The water contained in California’s mountain snow is now lower than the historical average after a January without significant rain or snow.
Snow totals updated Tuesday by the state Department of Water Resources show the amount of water in the Sierra Nevada mountain’s snowpack is at 92% of what’s normal for this date.
That’s a dramatic reversal from December, when heavy rain and snow left the state with 160% of its average snow water content.
State officials will conduct their regular snow survey later Tuesday, where they will physically measure snow totals near Lake Tahoe. The state measures snow totals electronically and manually at hundreds of locations.
The nation’s most populous state needs a wet winter to ease California’s drought and this year’s dry conditions are less dire so far than they were a year ago. Most of California is now in what’s considered severe drought according to the U.S. Drought Monitor, with only a small part of the state classified as being in the more serious extreme drought.
Winter snow is a crucial part of California’s water supply and December through March are typically the wettest months of the year. Snow that melts in the mountains and runs down into California’s lower elevations makes up about a third of the state’s water supply.
Meanwhile, officials at the State Water Resources Control Board announced Tuesday that Californians met Gov.

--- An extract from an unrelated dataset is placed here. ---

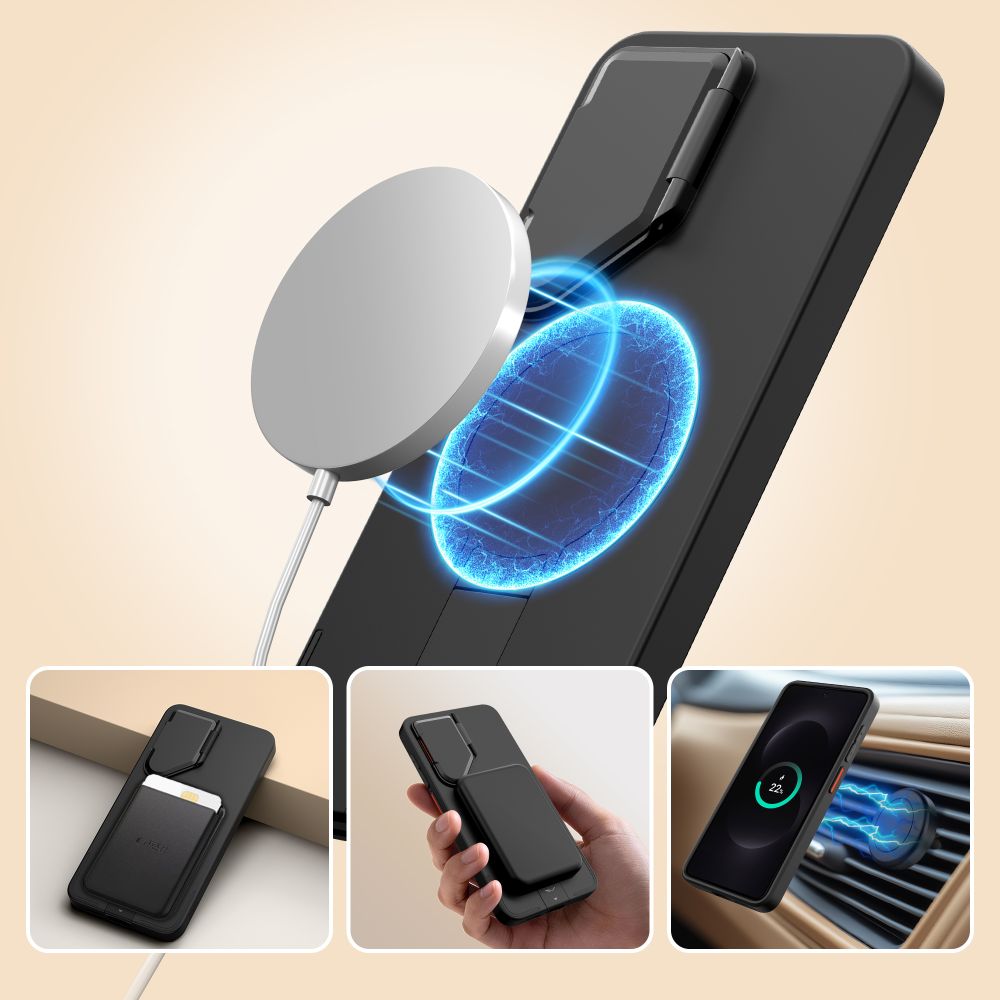 Tech-Protect Kevlar Aura MagSafe kotelo Samsung Galaxy S26 - musta ja oranssi -puhelimeen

Gavin Newsom’s call for a voluntary 15% reduction in water use for the first time in December, thanks to the heavy precipitation. Overall people used 16.2% less water compared to the December before. Still, cumulative savings since Newsom made his request in July sit at just 7.4%, officials said.
E. Joaquin Esquivel, chair of the water board, called the December conservation numbers “incredibly impressive” and said they demonstrate that people are being more mindful of their water use during wet times. The state board recently adopted mandatory water restrictions including a ban on watering lawns within 48 hours of a rain storm, but that rule wasn’t yet in effect in December.
But he stressed that continued conservation is necessary as dry conditions have returned.
“We’re looking to hopefully get a few more storms this water year, but the storm door may be closed,” he said.